- [Activity]: The line containing "Lush green valley" marks the end; copy exactly all lines from the start of the material up to and including it.

[Start of Attachment]

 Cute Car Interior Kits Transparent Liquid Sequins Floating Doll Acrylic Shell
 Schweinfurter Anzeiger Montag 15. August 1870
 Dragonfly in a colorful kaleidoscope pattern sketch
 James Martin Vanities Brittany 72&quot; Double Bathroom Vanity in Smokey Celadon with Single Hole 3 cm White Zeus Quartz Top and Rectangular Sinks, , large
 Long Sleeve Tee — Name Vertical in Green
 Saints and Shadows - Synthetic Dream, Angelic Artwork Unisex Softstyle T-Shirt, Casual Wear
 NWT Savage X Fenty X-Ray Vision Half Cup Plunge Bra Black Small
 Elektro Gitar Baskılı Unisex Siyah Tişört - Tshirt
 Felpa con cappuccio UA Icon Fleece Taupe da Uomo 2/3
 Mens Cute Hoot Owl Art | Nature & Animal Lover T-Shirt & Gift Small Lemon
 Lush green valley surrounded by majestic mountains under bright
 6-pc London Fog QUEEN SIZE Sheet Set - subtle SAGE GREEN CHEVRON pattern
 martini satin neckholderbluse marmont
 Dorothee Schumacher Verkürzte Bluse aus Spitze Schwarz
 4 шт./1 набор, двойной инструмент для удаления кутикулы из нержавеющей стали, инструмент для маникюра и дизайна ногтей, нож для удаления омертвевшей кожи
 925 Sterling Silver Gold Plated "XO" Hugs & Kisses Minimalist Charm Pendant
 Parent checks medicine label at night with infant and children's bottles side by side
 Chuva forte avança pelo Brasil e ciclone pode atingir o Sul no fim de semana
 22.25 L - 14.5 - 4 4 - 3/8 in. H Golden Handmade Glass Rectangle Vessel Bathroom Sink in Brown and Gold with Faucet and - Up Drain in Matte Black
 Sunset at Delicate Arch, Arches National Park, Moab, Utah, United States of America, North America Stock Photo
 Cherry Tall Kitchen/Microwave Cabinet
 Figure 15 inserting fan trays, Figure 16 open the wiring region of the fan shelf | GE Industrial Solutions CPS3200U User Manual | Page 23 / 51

[End of Attachment]

- [Final answer]:
 Cute Car Interior Kits Transparent Liquid Sequins Floating Doll Acrylic Shell
 Schweinfurter Anzeiger Montag 15. August 1870
 Dragonfly in a colorful kaleidoscope pattern sketch
 James Martin Vanities Brittany 72&quot; Double Bathroom Vanity in Smokey Celadon with Single Hole 3 cm White Zeus Quartz Top and Rectangular Sinks, , large
 Long Sleeve Tee — Name Vertical in Green
 Saints and Shadows - Synthetic Dream, Angelic Artwork Unisex Softstyle T-Shirt, Casual Wear
 NWT Savage X Fenty X-Ray Vision Half Cup Plunge Bra Black Small
 Elektro Gitar Baskılı Unisex Siyah Tişört - Tshirt
 Felpa con cappuccio UA Icon Fleece Taupe da Uomo 2/3
 Mens Cute Hoot Owl Art | Nature & Animal Lover T-Shirt & Gift Small Lemon
 Lush green valley surrounded by majestic mountains under bright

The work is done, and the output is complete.